The proclamation outlines emergency relief efforts being authorized to prevent calamity, including enacting the California National Guard to support disaster response, and directing Caltrans to get immediate assistance through the Federal Highway Administration’s Emergency Relief Program, to support highway repairs if needed. The State Operations and Flood Operations Centers have been activated to the highest level, which provide forecasting, reservoir operations coordination, technical support and flood fighting materials, like sandbags, for local agencies.

Winter storms related to atmospheric river systems – or giant rivers of water vapor in the sky with strong winds pushing them along – began hitting California on December 27, 2022. Counties have not had adequate time to mitigate the cascading effect of recent storms. The wet conditions caused by previous storms, on top of the severity of this new storm that arrived in California Wednesday, January 4, is prompting damage concerns. 

We anticipate that this may be one of the most challenging and impactful series of storms to touch down in California in the last five years,” said Nancy Ward, director of the Governor’s Office of Emergency Services. “If the storm materializes as we anticipate, we could see widespread flooding, mudslides, and power outages in many communities.” 

The atmospheric river is expected to bring wind gusts up to 70 miles per hour, as well as more than 6 inches of rain to the bay area, and 4-6 inches in Sacramento Valley and Southern California. 

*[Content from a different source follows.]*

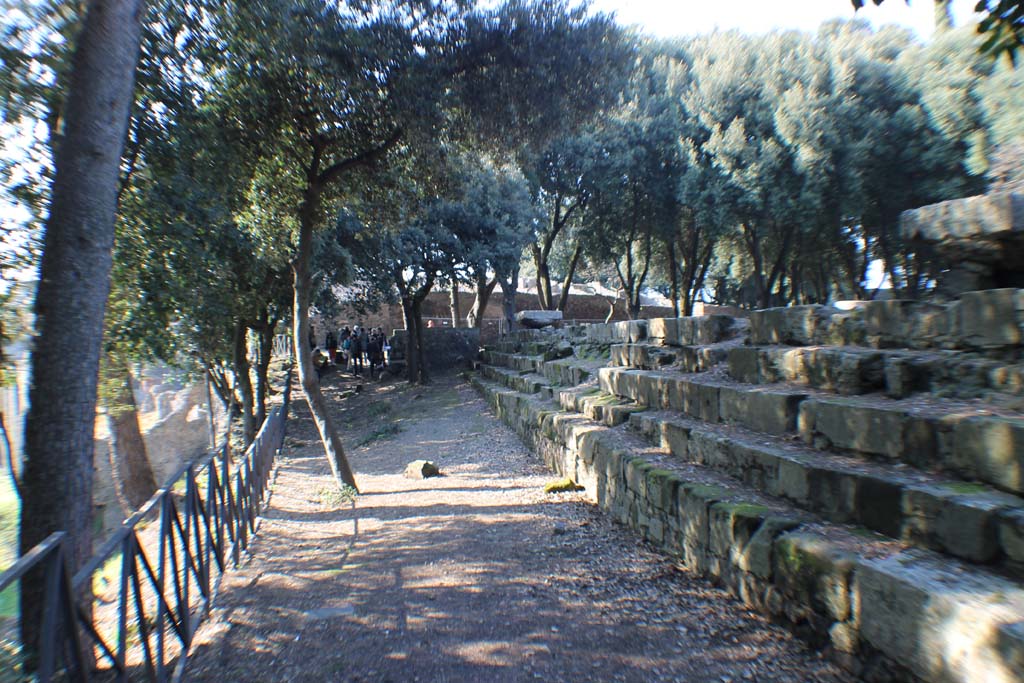 VIII.7.31 Pompeii. March 2014. Looking west along south side, from south-east corner.
Foto Annette Haug, ERC Grant 681269 DÉCOR.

The National Weather Service Los Angeles tweeted that a flash flood watch is in effect all over southwest California and areas of most concern of significant flooding include roads, streams, and recent burn areas. Precautionary measures have been taken: Laurel Canyon Boulevard was closed Wednesday morning from 8am to noon for Los Angeles Public Works crews to unload concrete barriers to prevent landslides and keep roadways clear and flood-free.

Los Angeles City Works crew barricading Laurel Canyon.

In northern California, where the major storm is forecasted to hit Wednesday night through Thursday morning, roads and schools have been closed. City officials are providing sandbags to city residents and flood barricades are being built to protect infrastructure.

The Los Angeles Fire Department announced via Twitter that due to severe rain, all LAFD Alerts will be temporarily focused on “significant fire or rescue incidents which require immediate public awareness or action, cause infrastructure impact or a need for evacuation.” The Los Angeles Department of Transportation is asking drivers to take precautionary measures and for all unnecessary travel to cease.